Stored data entries

+++

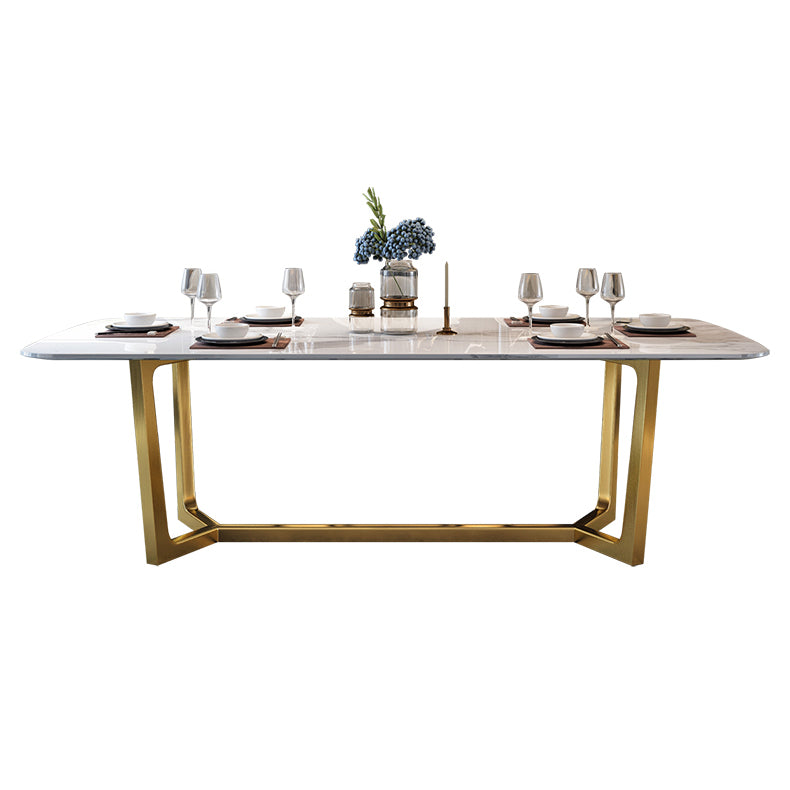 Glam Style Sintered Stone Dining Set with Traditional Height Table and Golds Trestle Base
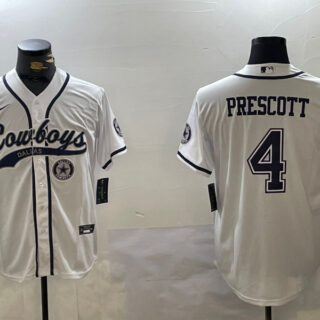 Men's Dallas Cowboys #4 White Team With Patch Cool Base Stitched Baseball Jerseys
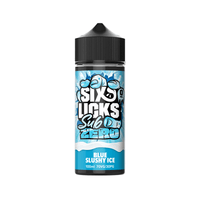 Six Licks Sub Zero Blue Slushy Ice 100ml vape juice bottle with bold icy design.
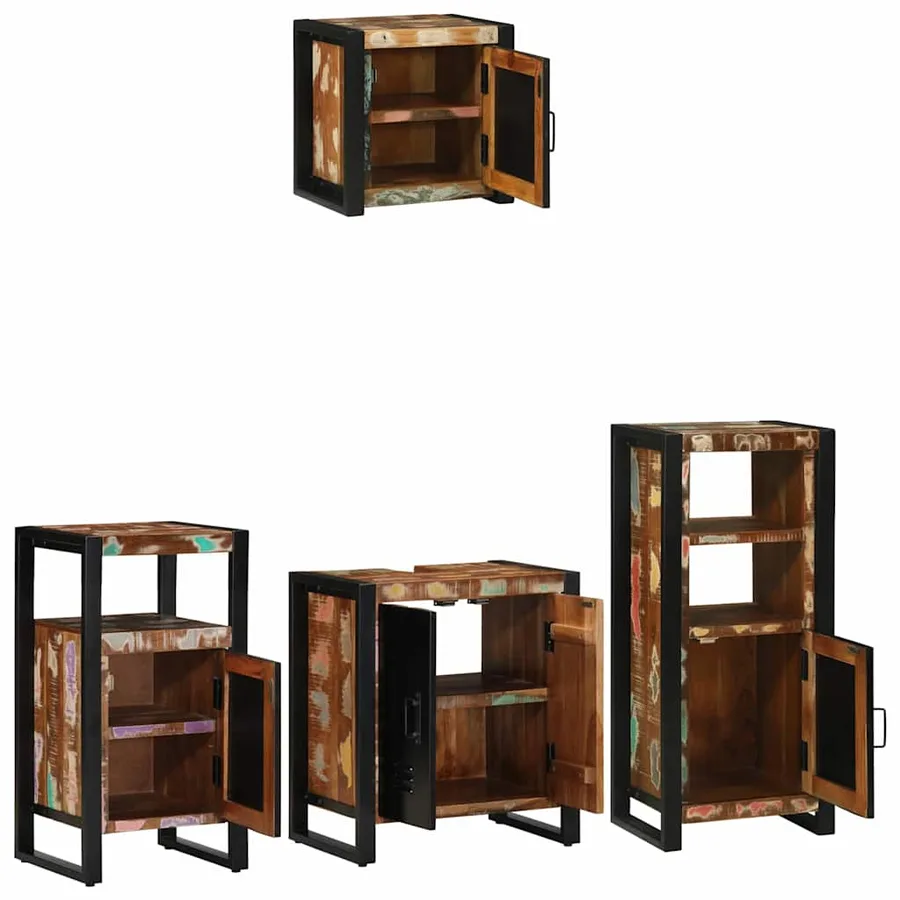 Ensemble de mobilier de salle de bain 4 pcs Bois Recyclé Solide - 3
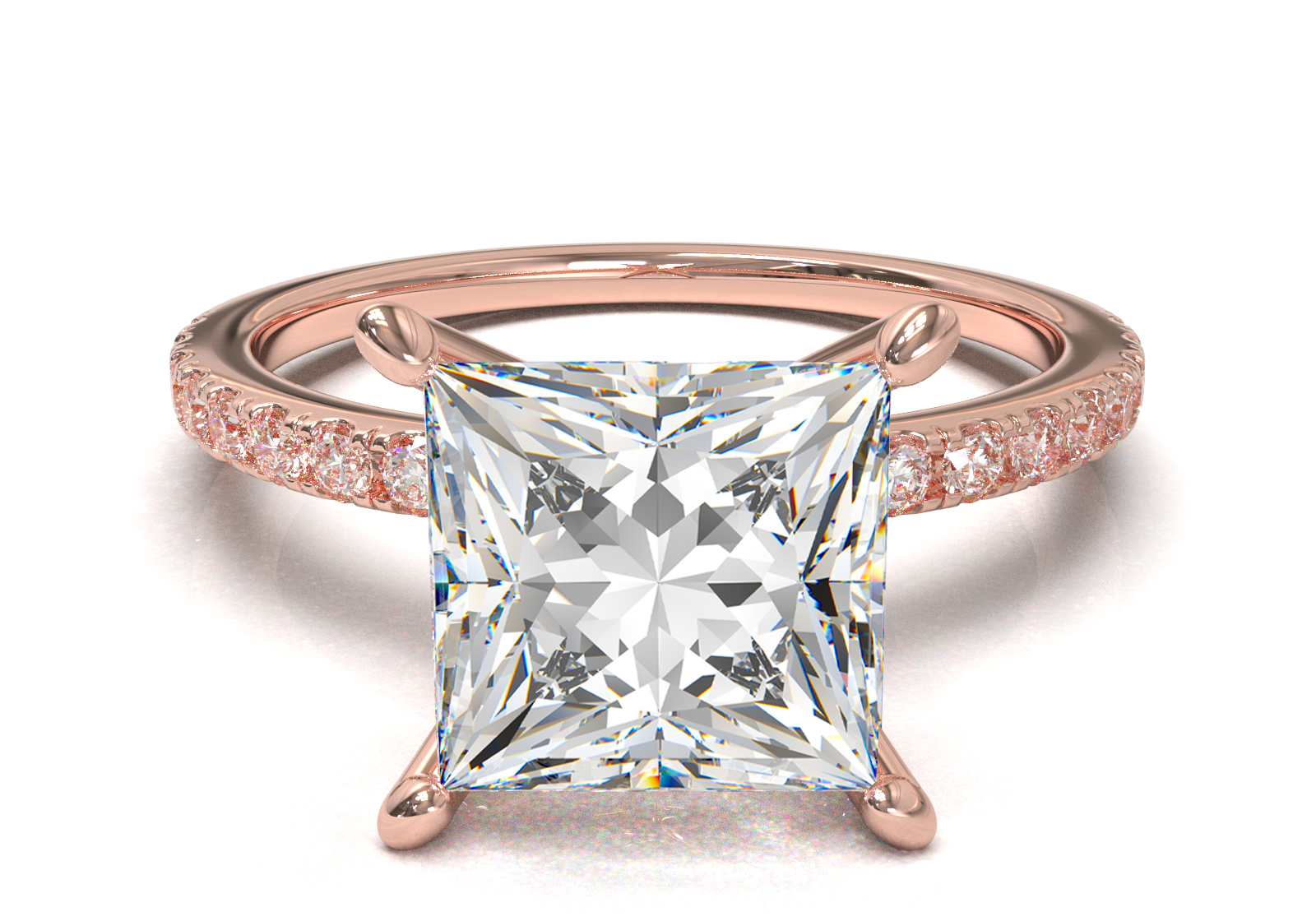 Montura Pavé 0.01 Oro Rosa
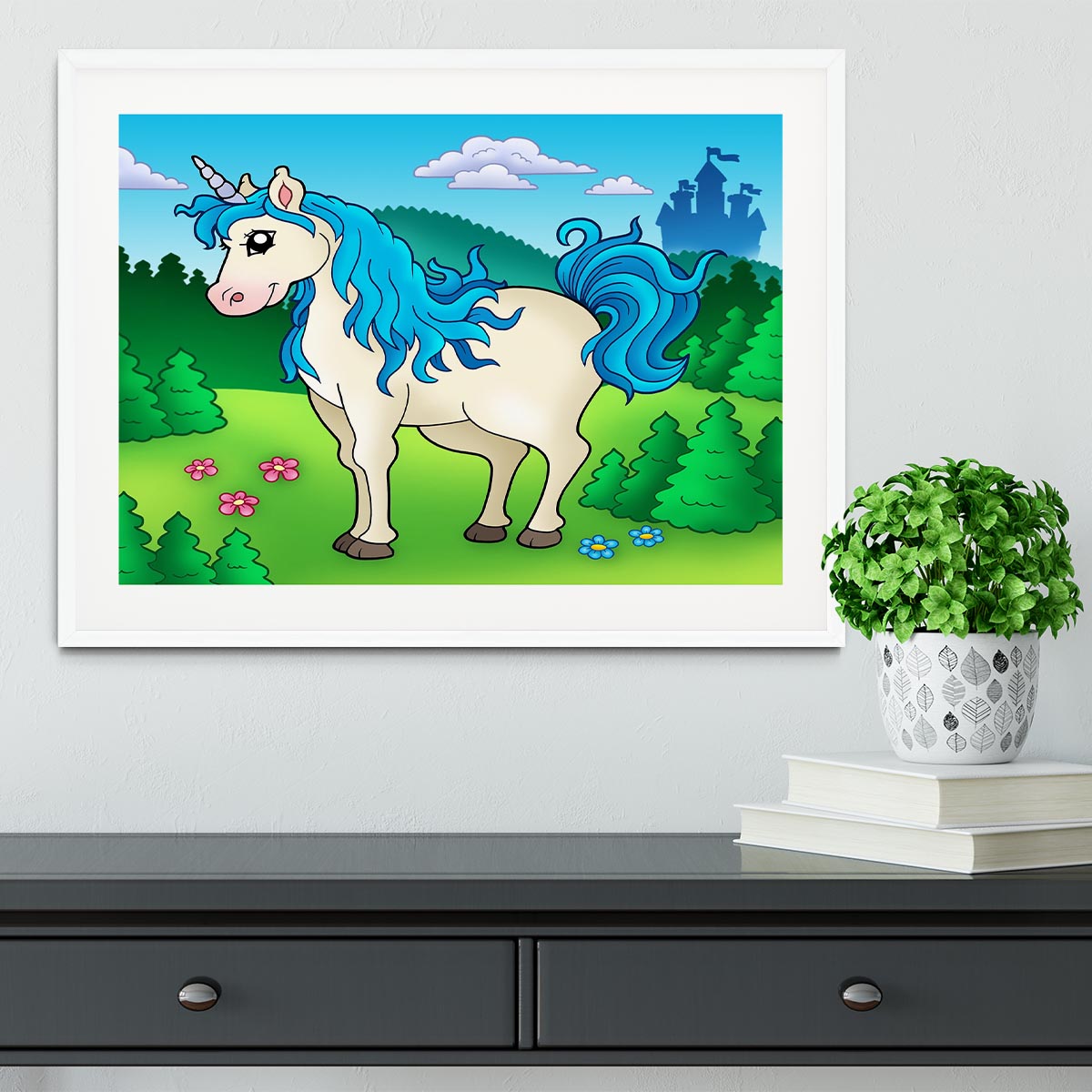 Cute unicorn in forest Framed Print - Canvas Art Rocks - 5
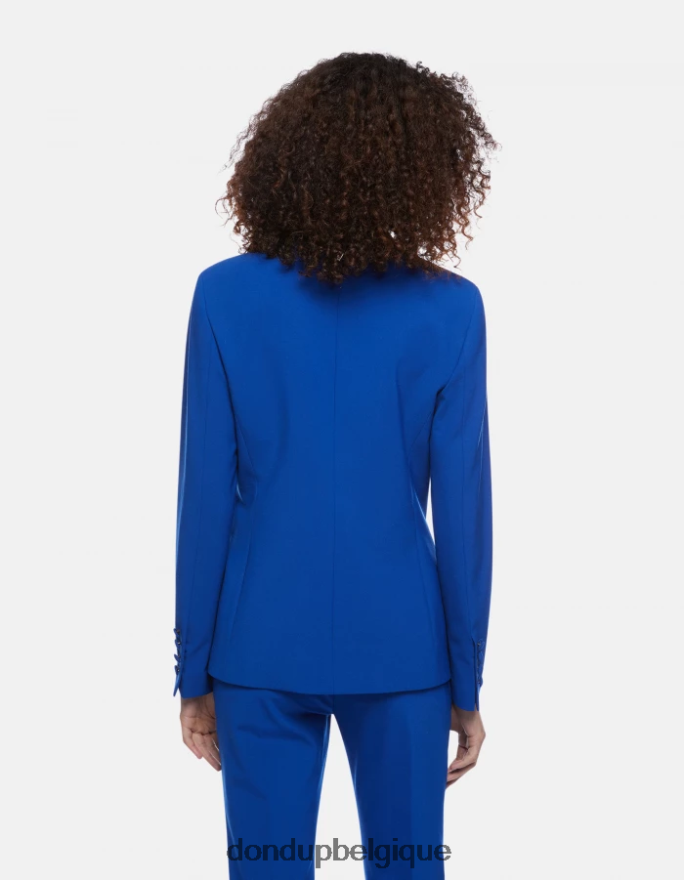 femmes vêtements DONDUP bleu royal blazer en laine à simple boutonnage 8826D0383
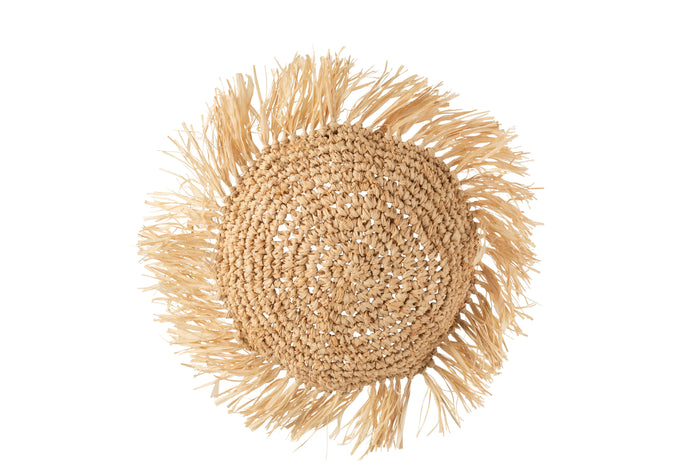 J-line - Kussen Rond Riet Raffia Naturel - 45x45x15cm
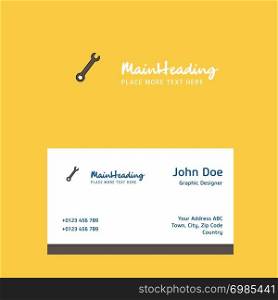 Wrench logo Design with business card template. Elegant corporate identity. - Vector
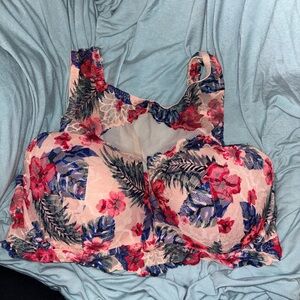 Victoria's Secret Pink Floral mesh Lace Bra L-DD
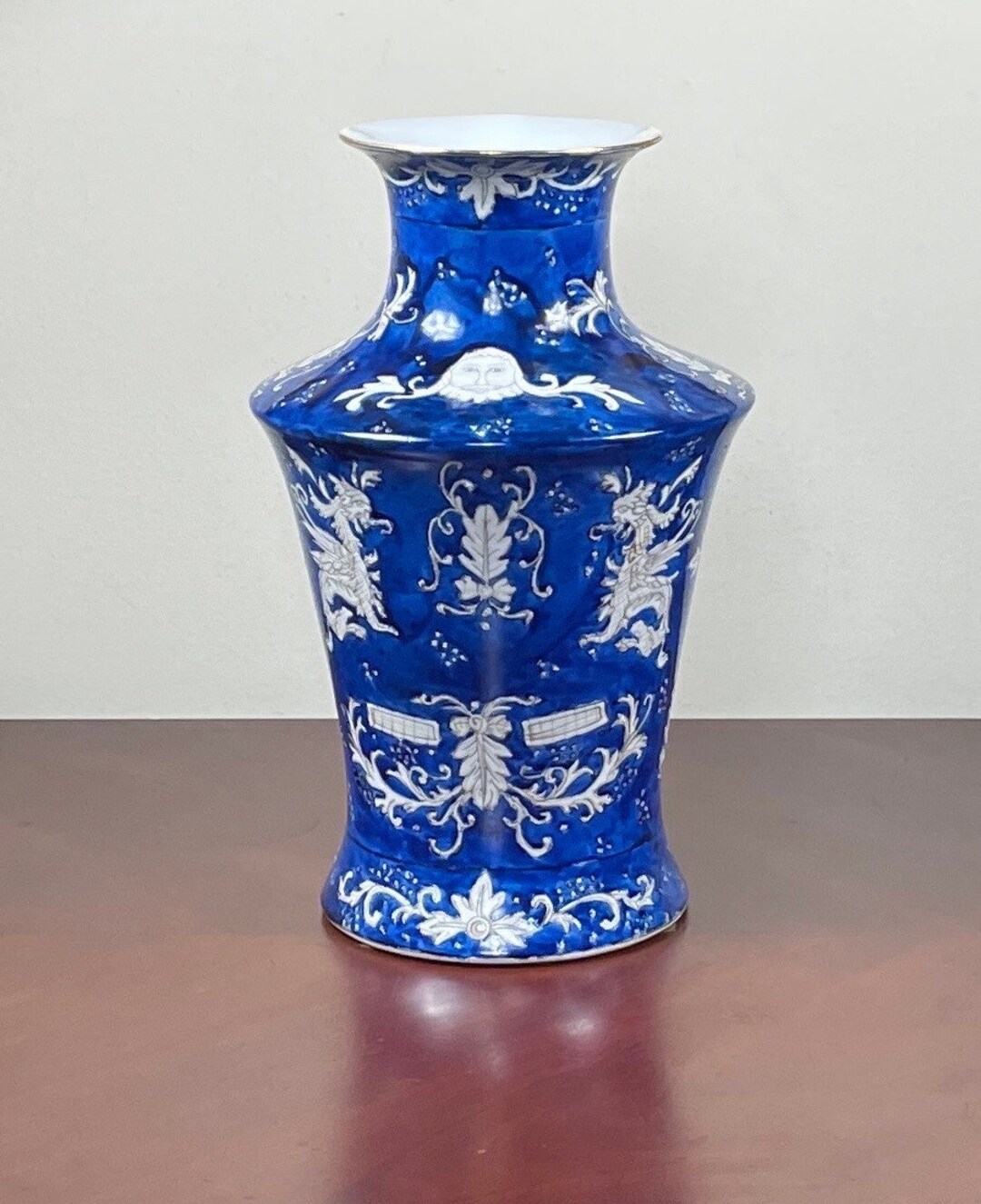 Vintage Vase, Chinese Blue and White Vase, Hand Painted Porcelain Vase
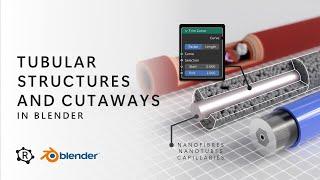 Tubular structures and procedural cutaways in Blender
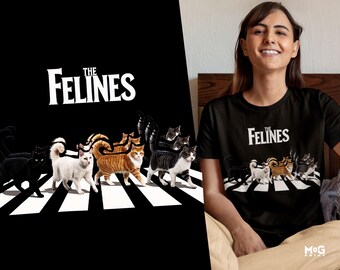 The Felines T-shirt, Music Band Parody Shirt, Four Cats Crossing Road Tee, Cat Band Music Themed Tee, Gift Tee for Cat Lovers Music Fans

+++

▶ Exercise aim:
Could you write out the records again exactly, without any of their pictures?

▶ Your response:
 Glam Style Sintered Stone Dining Set with Traditional Height Table and Golds Trestle Base
 Men's Dallas Cowboys #4 White Team With Patch Cool Base Stitched Baseball Jerseys
 Six Licks Sub Zero Blue Slushy Ice 100ml vape juice bottle with bold icy design.
 Ensemble de mobilier de salle de bain 4 pcs Bois Recyclé Solide - 3
 Montura Pavé 0.01 Oro Rosa
 Cute unicorn in forest Framed Print - Canvas Art Rocks - 5
 femmes vêtements DONDUP bleu royal blazer en laine à simple boutonnage 8826D0383
 J-line - Kussen Rond Riet Raffia Naturel - 45x45x15cm
 Wrench logo Design with business card template. Elegant corporate identity. - Vector
 Victoria's Secret Pink Floral mesh Lace Bra L-DD
 Vintage Vase, Chinese Blue and White Vase, Hand Painted Porcelain Vase
 Tubular structures and procedural cutaways in Blender
 The Felines T-shirt, Music Band Parody Shirt, Four Cats Crossing Road Tee, Cat Band Music Themed Tee, Gift Tee for Cat Lovers Music Fans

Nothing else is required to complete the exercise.